Arquero Test
const TERCdata = FileAttachment("data/TERC_Urzedowy_2024-06-21.csv").text()
display(TERCdata)
Arquero table from CSV
As you see below, data in the column WOJ is correctly parsed as strings.
const nullIfEmpty = s => s.length ? s : null
const TERC = aq.fromCSV(TERCdata, {
delimiter: ";",
parse: {
WOJ: String,
POW: nullIfEmpty,
GMI: nullIfEmpty,
RODZ: nullIfEmpty,
NAZWA: nullIfEmpty,
NAZWA_DOD: nullIfEmpty,
STAN_NA: d => new Date(Date.parse(d))
}
}).select(aq.not("STAN_NA"))
display(TERC.objects())
display(Inputs.table(TERC))
Arrow file from Arquero table
I don't think it follows from the Arquero reference that one needs to use type
options when exporting to Arrow — unless you want specific data types,
like UInt32 instead of Int64, say.
The arrow file is made by the following data loader:
import * as aq from "arquero"
import { Type } from "apache-arrow"
import {readFile} from "node:fs/promises"

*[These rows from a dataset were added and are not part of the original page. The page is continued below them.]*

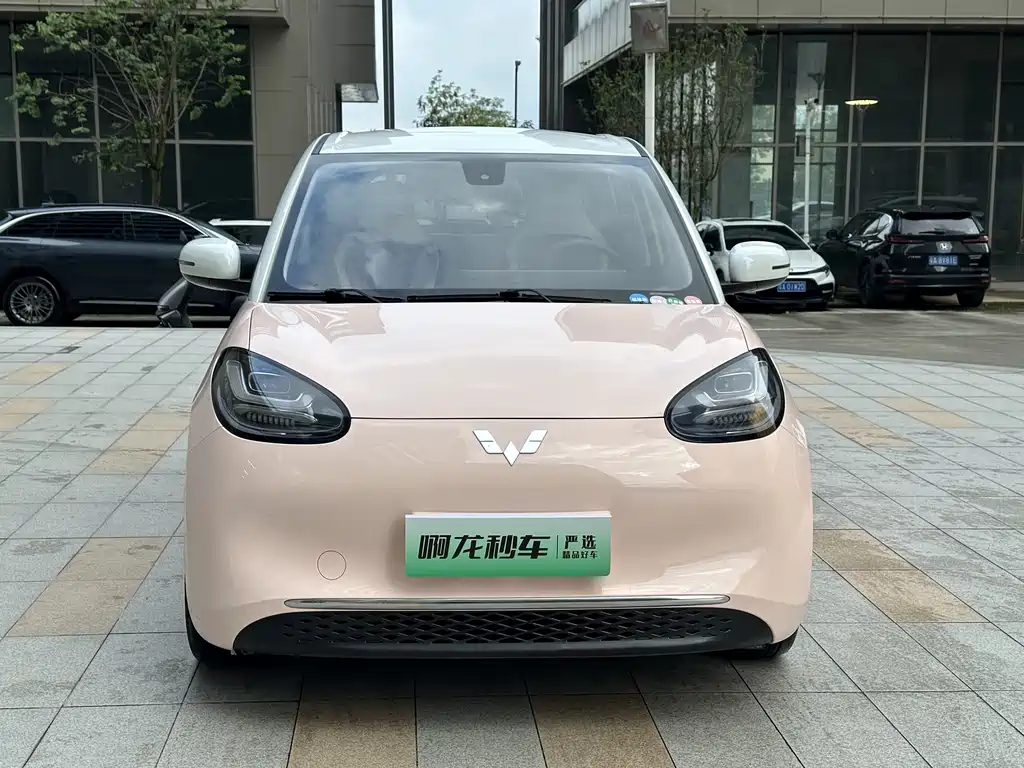Wuling Binguo 2023 333km +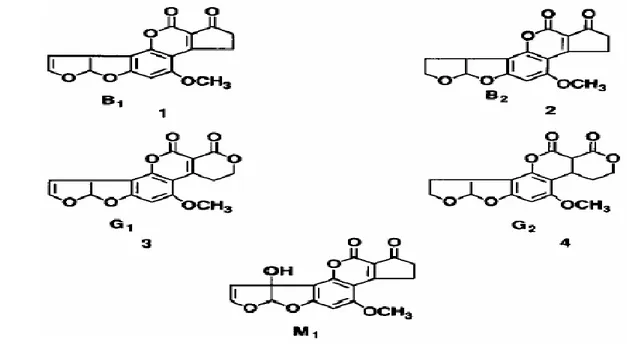Şekil 2.2.  Aflatoksinlerin kimyasal yapısı (Holcomb ve ark. 1992) 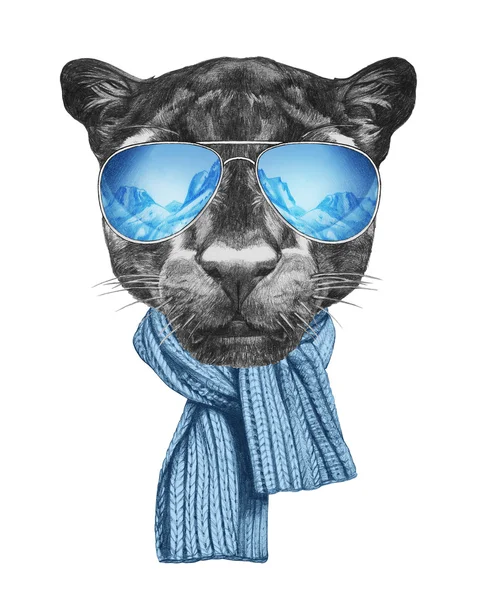 Пантера з дзеркальними сонцезахисними окулярами і шарфом . — стокове фото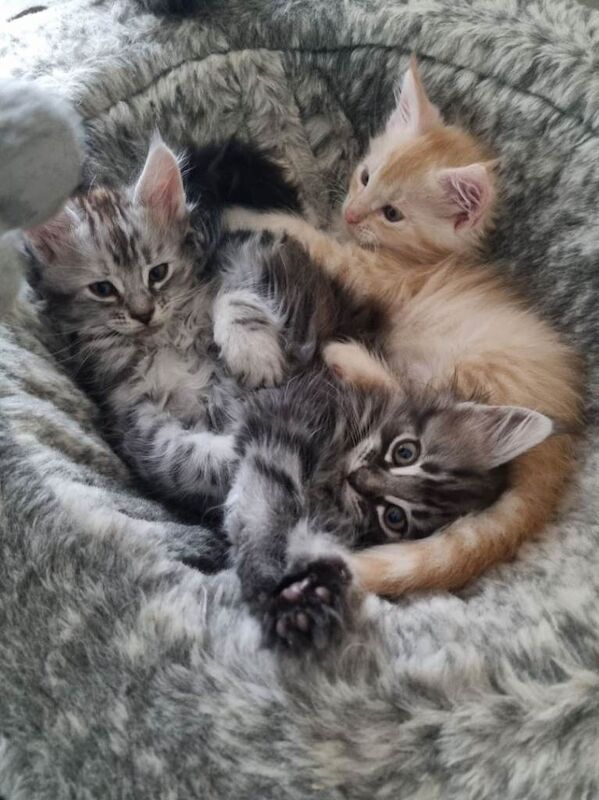 Beautiful GCCF registered litter - Image 3 of 5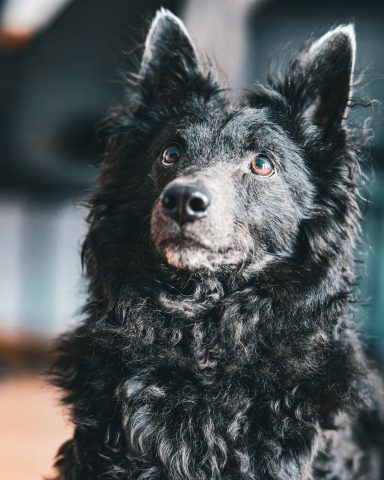 Schwarzer, wuscheliger Hund mit spitzen Ohren und aufmerksamem Blick.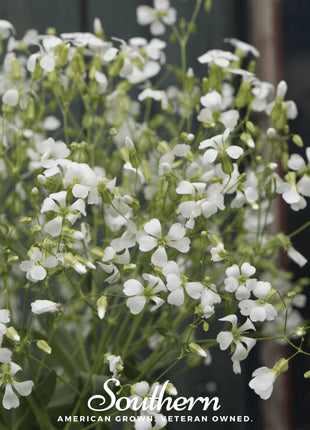 Soapwort – 100 Seeds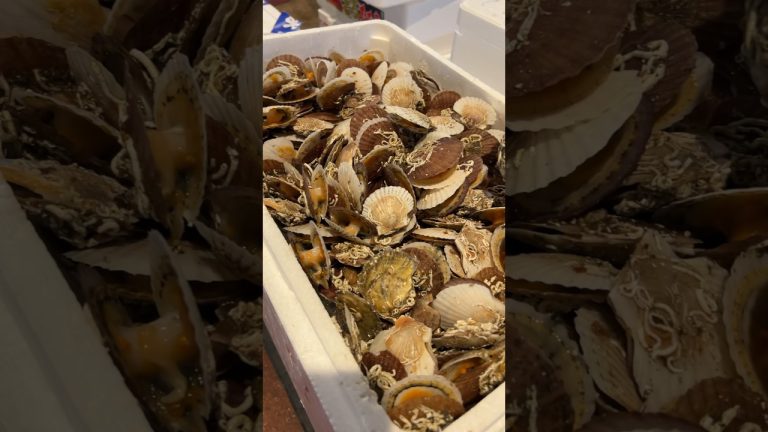 青森県 下北から来た ホタテの稚貝！開けてみます！#せり人ムタロー #shorts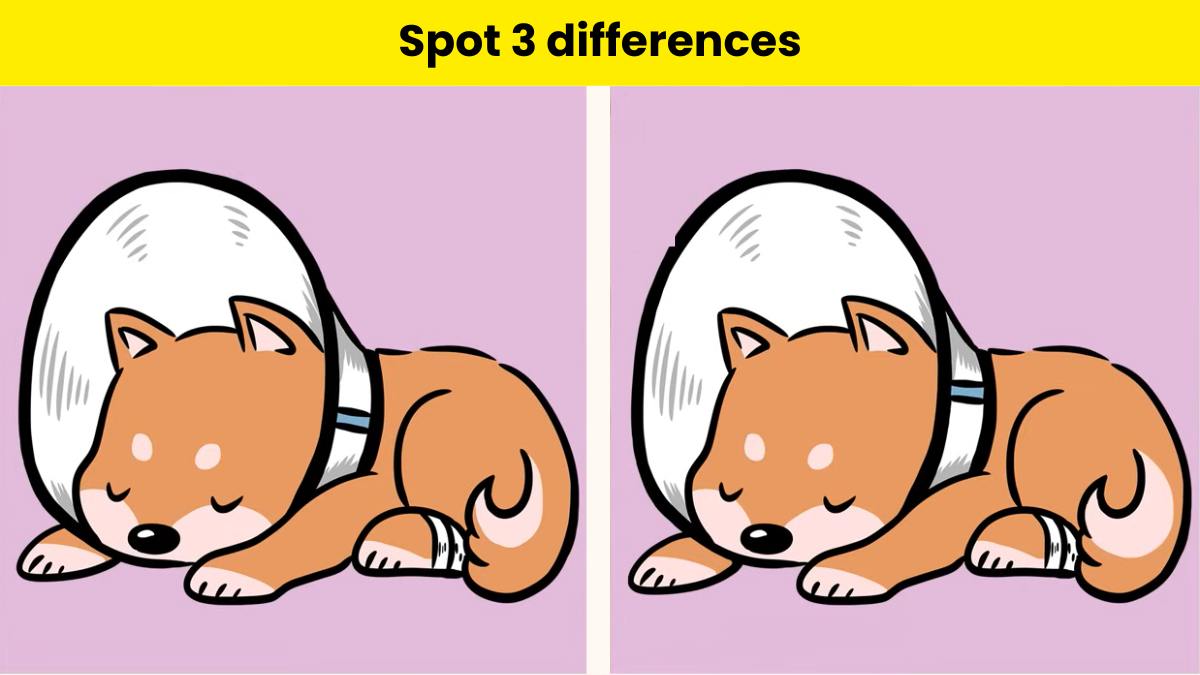 You have hawk eyes if you can spot 3 differences between the two sleeping dog pictures within 6 seconds. 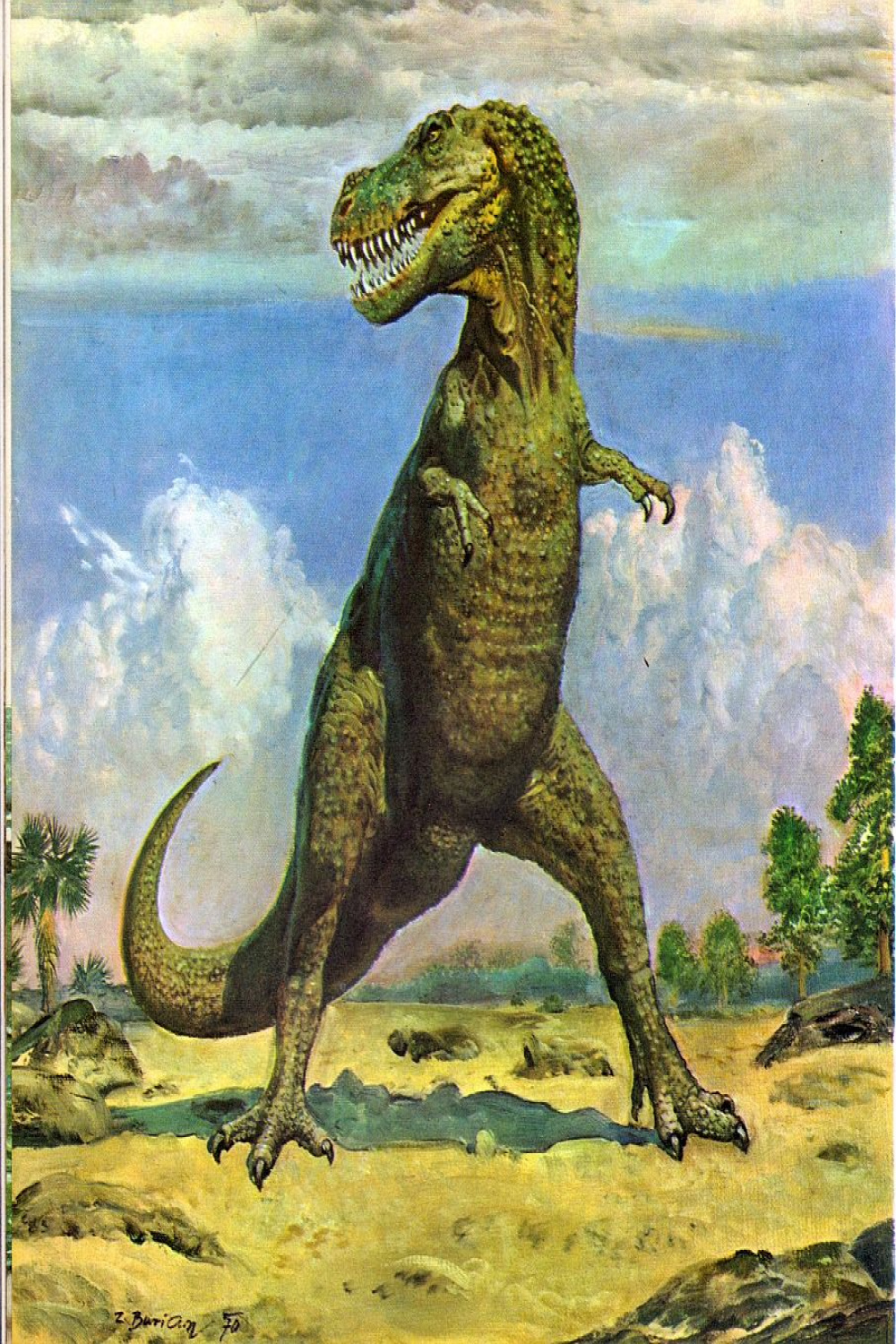 Vintage Dinosaur Art: Life before Man - Part   Dinosaur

import {fileURLToPath} from "node:url"
const nullIfEmpty = s => s.length ? s : null
const TERCdata = await readFile(
fileURLToPath(
import.meta.resolve(
"./TERC_Urzedowy_2024-06-21.csv"
)), "utf-8")
const TERC = aq.fromCSV(TERCdata, {
delimiter: ";",
parse: {
WOJ: String,
POW: nullIfEmpty,
GMI: nullIfEmpty,
RODZ: nullIfEmpty,
NAZWA: nullIfEmpty,
NAZWA_DOD: nullIfEmpty,
STAN_NA: d => new Date(Date.parse(d))
}
}).select(aq.not("STAN_NA"))
const bytes = TERC.toArrowBuffer({
types: {
WOJ: Type.Utf8,
POW: Type.Utf8,
GMI: Type.Utf8,
RODZ: Type.Utf8,
}
})
await process.stdout.write(bytes)
const TERCarrow = FileAttachment("data/TERC_Urzedowy_2024-06-21.arrow").arrow()
Inputs.table(TERCarrow, { layout: "auto" })
const TERCfromArrow = aq.fromArrow(TERCarrow)
display(TERCfromArrow.objects())
The values in column `WOJ` were cast to numbers.